DATASET EXCERPTS:
- - -
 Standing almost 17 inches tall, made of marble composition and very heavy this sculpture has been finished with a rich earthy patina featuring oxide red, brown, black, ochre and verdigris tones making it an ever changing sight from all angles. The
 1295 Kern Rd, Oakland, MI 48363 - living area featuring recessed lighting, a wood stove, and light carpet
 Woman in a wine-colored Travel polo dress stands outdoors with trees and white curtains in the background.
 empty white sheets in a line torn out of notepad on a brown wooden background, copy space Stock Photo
- - -
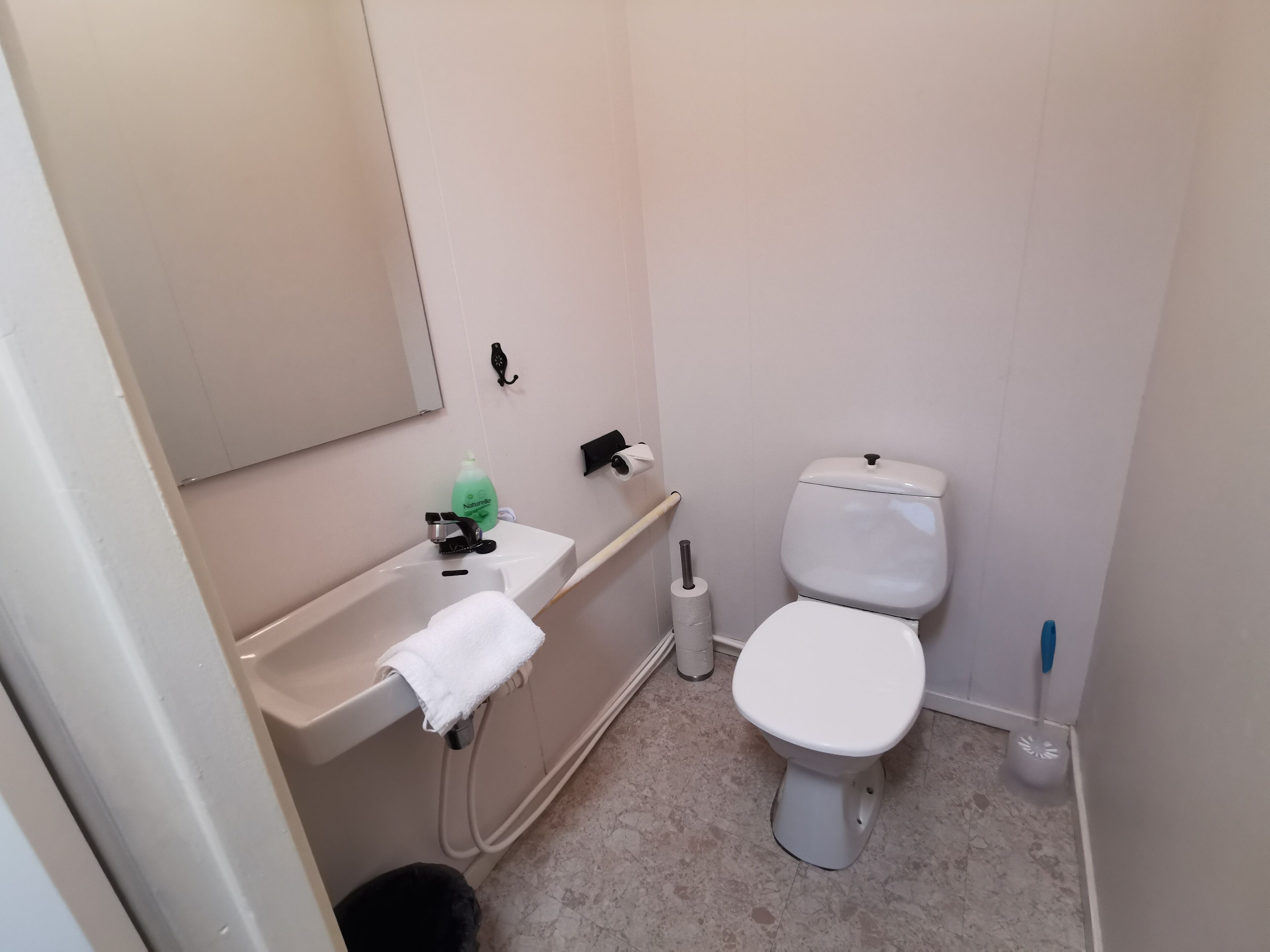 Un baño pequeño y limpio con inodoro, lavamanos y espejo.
- - -
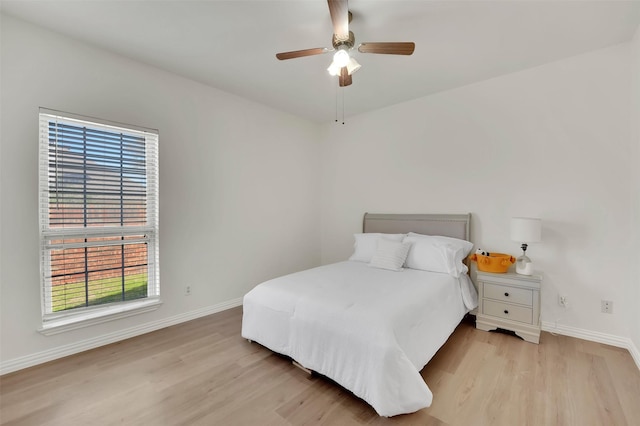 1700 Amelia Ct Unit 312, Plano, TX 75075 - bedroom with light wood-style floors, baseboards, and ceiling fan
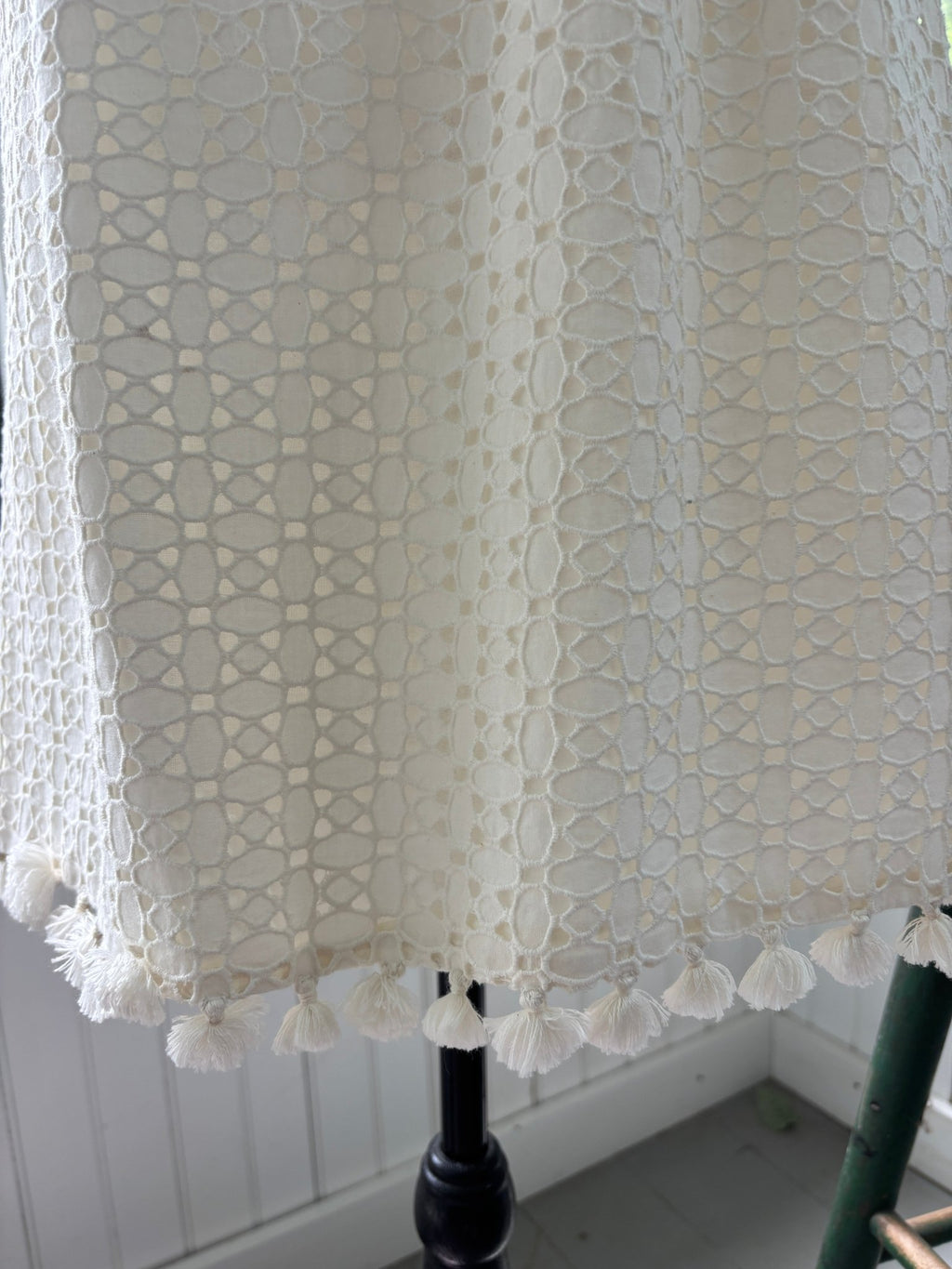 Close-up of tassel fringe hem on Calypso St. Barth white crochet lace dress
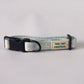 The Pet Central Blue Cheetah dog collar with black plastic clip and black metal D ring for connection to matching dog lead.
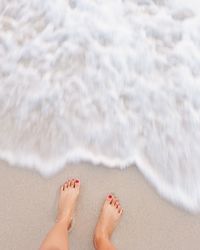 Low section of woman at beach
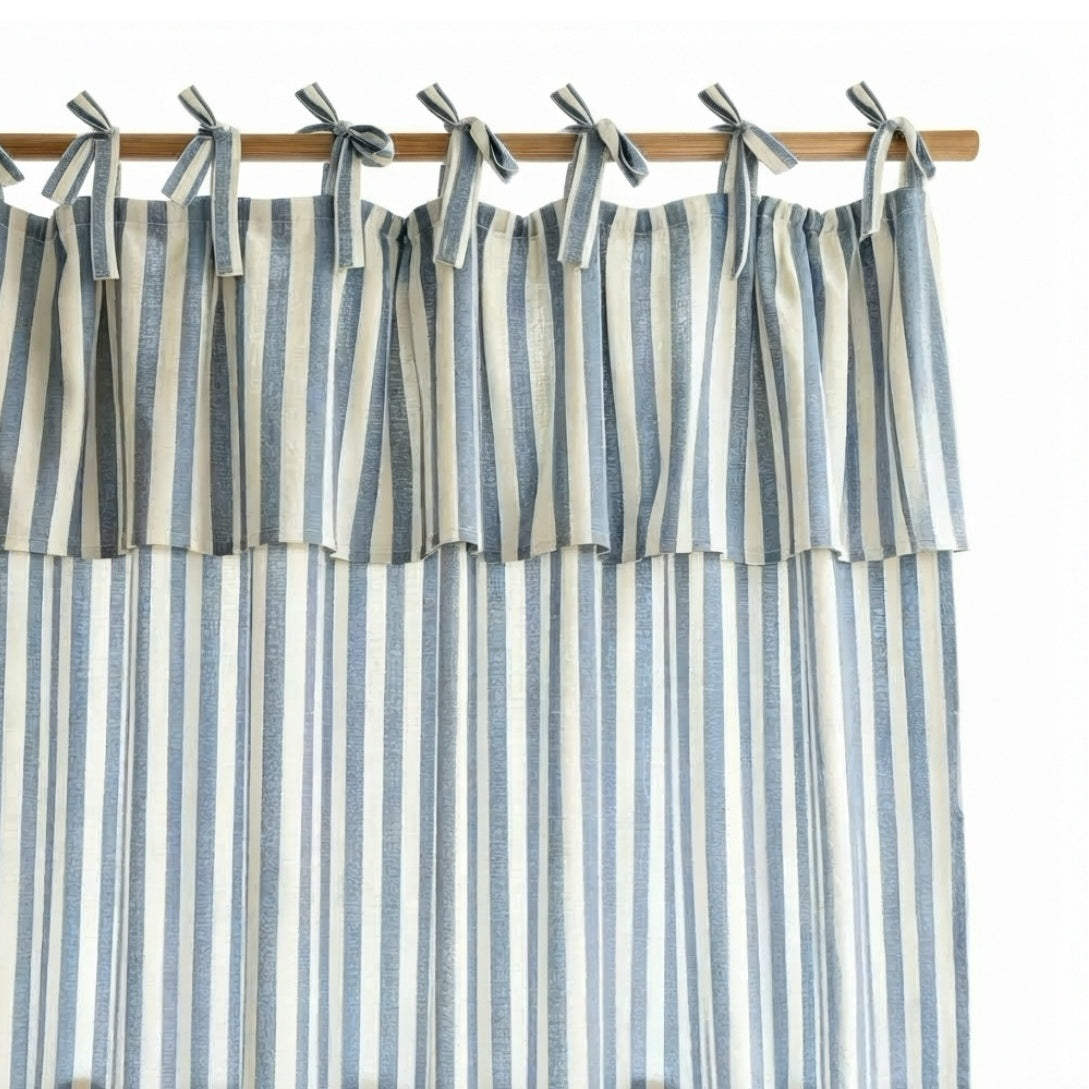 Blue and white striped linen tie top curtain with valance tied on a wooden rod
- - -
The stretch above running from the line with "Low section of woman at beach" through the line with "Blue and white" is all you should copy, exactly, leaving out the pictures.

ANSWER BOX:
 Low section of woman at beach
 Blue and white striped linen tie top curtain with valance tied on a wooden rod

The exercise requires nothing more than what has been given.